One other bit of me-news to share: I’m hosting a new podcast for Foreign Policy about solutions to the climate crisis. It’s called “Heat of the Moment,” and I’ve had that damn song stuck in my head the whole time I’ve been recording these interviews and voice-overs. (“Heeeeeat of the Moment….”) Anyway. There are 12 episodes. The gist is that I interview someone interesting/important in the climate space — Joseph Stiglitz, Katharine Hayhoe, Varshini Prakash, Christiana Figueres, among others — and then FP commissions field-reported stories that go with that theme.

Here’s the first episode. They come out week-by-week.


If you do take a watch/listen, let me know what you think. I’m pretty new at both of these things — podcasting, and giving talks to large auditoriums full of velvety chairs. I’d value the feedback. (If you dig the TEDx talk, btw, you can go here, click “share” and then click the “TED recommends” button to flag it to Big TED).

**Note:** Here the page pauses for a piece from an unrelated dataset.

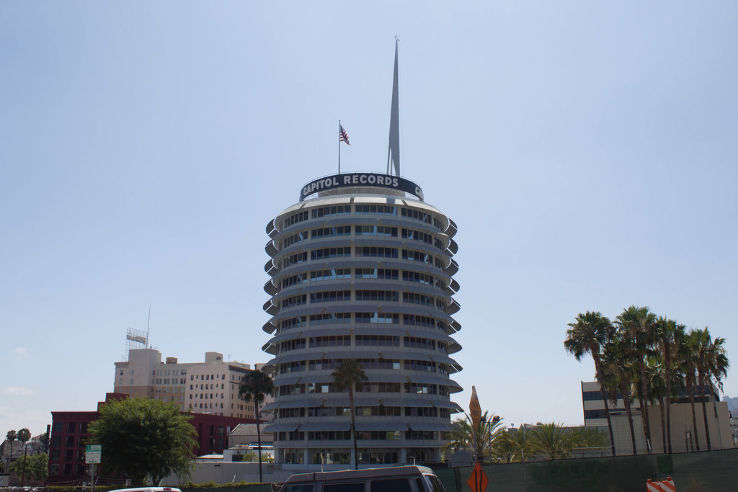 Capitol Records Building Trip Packages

3) Climate + Covid-19 = a lot

Phew. If you, like me, have been thinking a lot about the (sometimes overblown but still interesting) intersections between Covid and climate change, here are a couple op-eds I’ve written recently for CNN that are sort of my way of working through it:

Emily Atkin (you should subscribe to “HEATED” if you don’t already) has been digging into these connections in a short-run podcast that’s worth a listen, too.

Also: When you’re finished with “Tiger King,” read this, and thank Rachel Nuwer for some really important context… Then check out “The Hottest August,” which is a super fascinating/creative documentary by Brett Story … kind of a poetic look at anxiety and future-dread in one month — August 2017 — in New York City. (No, that August wasn’t TECHNICALLY the hottest, but, you know, whatever…). Follow that link and you can “rent” it from a theater and stream the film online this week. It’s also airing on PBS on April 20. So, a little pre-Earth Day viewing perhaps.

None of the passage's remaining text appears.